Learn how to live, choose how to die

Brenda Hartman was 32 and a strong, healthy graduate student working on two PhDs when she got the news – she had cancer. And not just any cancer: stage IV ovarian cancer, one of the worst kinds. She was given a 5 percent chance of living 24 months. Her doctor told her to prepare to die.
She did prepare, but she did not die.
Now, 30 years later, she’s using the “twisted gift” that cancer gave her to counsel others facing terminal illness and death. A key message in her clinical therapy practice is “listen to your body.”
“I’m thinking and feeling my body from the inside out,” Hartman says. “You learn to scan your body – how’s it doing, how’s it feeling?”
Many patients or survivors get caught in a “cancer loop”: “Any ache or pain, our first thought is, ‘Is this cancer?,'” which leads to persistent fear and worry that needs to be managed.
A beautiful death
Hartman was awarded a Bush Foundation Fellowship this year to pursue her desire to change the end-of-life narrative from fear and denial to the healing process. She will study practices from different cultures, religions and spiritual traditions, and teach health care professionals how to have conversations with patients about end-of-life planning and death.

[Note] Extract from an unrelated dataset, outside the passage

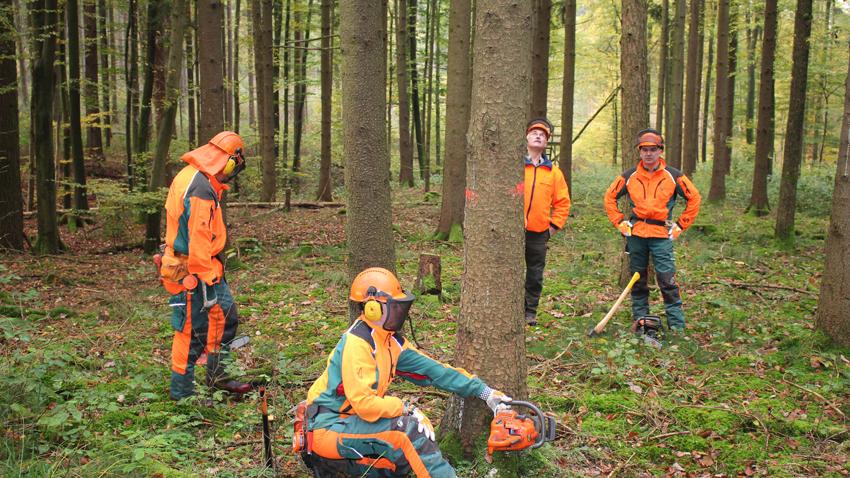Vier Forstarbeiter arbeiten im Waldbereich Auerberg bei Reuth. Eine 30 Meter hohe Fichte soll gefällt werden.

“I’ve helped people die,” she says. “I believe death can be a beautiful and healing experience.”
Health care providers “need to guide people to that peaceful place,” but their medical training is focused on treatment, recovery and even cure, not dying.
She likens the process to throwing clay on a pottery wheel, with hands inside and out shaping and smoothing a pot. The patient is working the inside of the body with nutrition, spirituality and self-care. The doctors work the outside. “[They] need to work together to heal this crack.”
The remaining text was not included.